Bombings shatter tenuous calm

? Middle East peace talks swung dangerously close to collapse Tuesday after two Palestinian teenagers shattered a cease-fire with suicide strikes on an Israeli supermarket and a Jewish settlement in the West Bank.

The bomb attacks killed two Israelis, injured 11 bystanders and broke a six-week stretch during which the people of this war-weary land had enjoyed relative quiet. In an exchange of grim recriminations, Palestinian and Israeli officials warned that the region risked tumbling into a new cycle of bloodshed — and blamed one another.

Israeli Prime Minister Ariel Sharon ordered buses loaded with 76 Palestinian prisoners set for release to turn around and go back to prison. Then he threatened to abandon the frayed peace process altogether.

“The Palestinians do not do what they are supposed to do,” he said. “Israel will not be able to continue the (peace) process, despite the strong desire to do so, if the terror does not cease.”

Speaking during a tour of the Persian Gulf, Palestinian Prime Minister Mahmoud Abbas condemned the bombings, but in the same breath condemned Israeli “provocations.”

“We are standing tonight at a very critical junction,” Palestinian negotiator Saeb Erekat said. Without the intervention of the United States, he warned, “things are going to go from bad to worse.”

In Washington, Secretary of State Colin Powell promised the United States would continue its struggle to implement the troubled “road map” peace plan.
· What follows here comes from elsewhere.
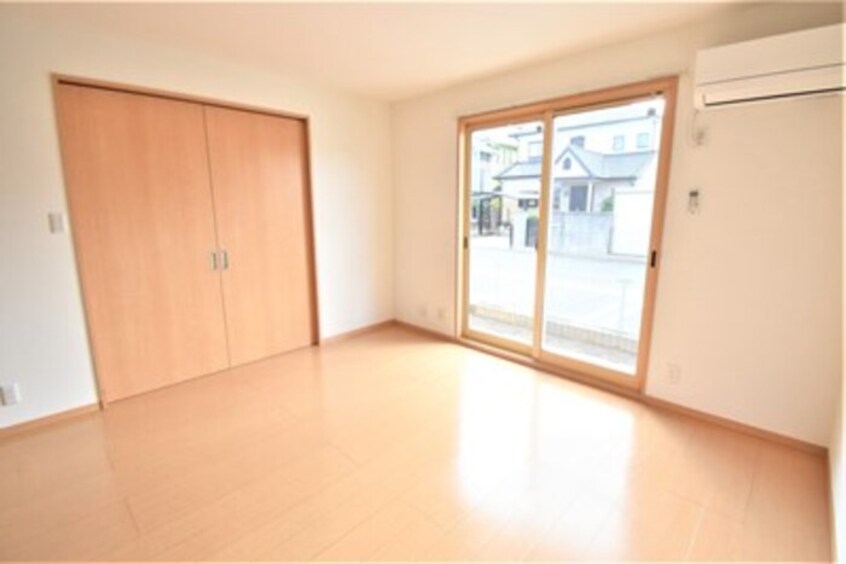 ＬＤＫ１２帖 Ｔ’ｓスクエア D棟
A series of steps meant to create a safe Israel alongside a Palestinian state, the plan hasn’t spurred much action despite months of diplomacy.

“We will never get there so long as people continue to participate in terrorist activities, and we see the response to terrorist activities, which are necessary for self-defense,” Powell said.

The young assailants, Khamas Gerwan and Islam Qteishat, both 17, blew themselves up less than an hour apart, but an Israeli army commander said there apparently was no coordination. Relatives said the two didn’t know each other.

Hamas said the Ariel bombing came as revenge for the killing of two of its bomb makers in an Israeli army raid on Friday, and that the group would now return to observing a three-month truce it declared June 29. The Fatah-linked Al Aqsa Martyrs’ Brigades, which claimed responsibility for the attack near Tel Aviv and opposes the cease-fire, threatened more attacks.

Tuesday’s were the first suicide bombings since a Palestinian from a splinter cell within the Islamic Jihad group blew himself up in a house on July 7, killing a 65-year-old woman. Still, the past six weeks had been relatively calm, compared to the intense fighting that broke out in September 2000.

Mohammed, the 12-year-old brother of Islam Qteishat, 17, of the Palestinian militant group Hamas, weeps as he holds a picture of his brother at their family house in the Askar refugee camp in the West Bank town of Nablus. Qteishat on Tuesday blew himself up outside the Jewish settlement of Ariel, killing one Israeli and seriously injuring two others.